Banquier chevronné, bâtisseur de la BNDE et désormais voix écoutée du débat économique national, Thierno Seydou Nourou Sy incarne près de quatre décennies d’engagement au service de la transformation du système financier sénégalais et ouest-africain. À la fois technicien rigoureux, stratège discret et manager profondément humain, il continue, même à la retraite, d’influencer la réflexion sur la souveraineté économique du Sénégal.

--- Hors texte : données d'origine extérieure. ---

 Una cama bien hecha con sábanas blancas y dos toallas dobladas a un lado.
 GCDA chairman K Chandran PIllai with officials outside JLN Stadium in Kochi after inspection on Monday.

Des salles de marché parisiennes aux banques sénégalaises

Formé entre Dakar et Paris, Thierno Seydou Nourou Sy se construit très tôt un profil de financier complet : études à l’université Cheikh Anta Diop de Dakar, à l’université de Créteil, à l’IUT René Descartes (Paris V), puis Diplôme d’Études Supérieures Spécialisées (DESS) de banque à l’Institut des Techniques Bancaires à Paris.

Sa carrière démarre en 1986 à la Bourse de Paris, avant un retour au pays qui donnera le ton de tout son parcours : mettre son expertise au service du développement sénégalais. Il rejoint la Banque de l’Habitat du Sénégal (BHS), puis la Compagnie Bancaire de l’Afrique de l’Ouest (ex-BIAO, actuelle CBAO), où il gravit rapidement les échelons, de directeur adjoint à directeur de la comptabilité, puis responsable du contrôle de gestion, contribuant au redressement de l’institution aux côtés du banquier Abdoul Mbaye.

À la fin des années 1990 et au début des années 2000, il devient l’un des artisans des grandes recompositions bancaires au Sénégal : passage par la Banque sénégalo-tunisienne (BST), retour à la CBAO sous pavillon Attijariwafa Bank, où il occupe des fonctions de haut niveau: directeur du pôle Finances et Ressources humaines, puis secrétaire général avec rang de directeur général adjoint.

Un manager panafricain au cœur des grandes transformations bancaires

L’expérience de Thierno Seydou Nourou Sy dépasse rapidement les frontières du Sénégal. Il est nommé directeur général adjoint de la Banque Internationale pour le Mali (BIM) au sein du groupe Attijariwafa Bank, puis rejoint Coris Bank International au Burkina Faso, où il occupe successivement les postes de directeur général adjoint puis directeur général, supervisant la mise en place de succursales dans plusieurs pays d’Afrique de l’Ouest.

Il prend ensuite les commandes de la Banque Internationale pour l’Afrique (BIA) au Niger comme administrateur général, chargé d’un plan de relance incluant restructuration, réformes et repositionnement commercial. Au fil des années, il s’impose comme un « banquier de situations spéciales », capable d’accompagner des banques en transformation, de la gouvernance aux opérations.

Ce parcours lui vaut une reconnaissance régionale qui culminera en 2021 avec son élection à la présidence de l’Association des Banques de l’Afrique de l’Ouest (ABAO), après en avoir été 2ᵉ puis 1ᵉʳ vice-président. À ce poste, il plaide pour un secteur bancaire plus intégré, mieux arrimé aux priorités de la CEDEAO et plus offensif sur le financement des économies.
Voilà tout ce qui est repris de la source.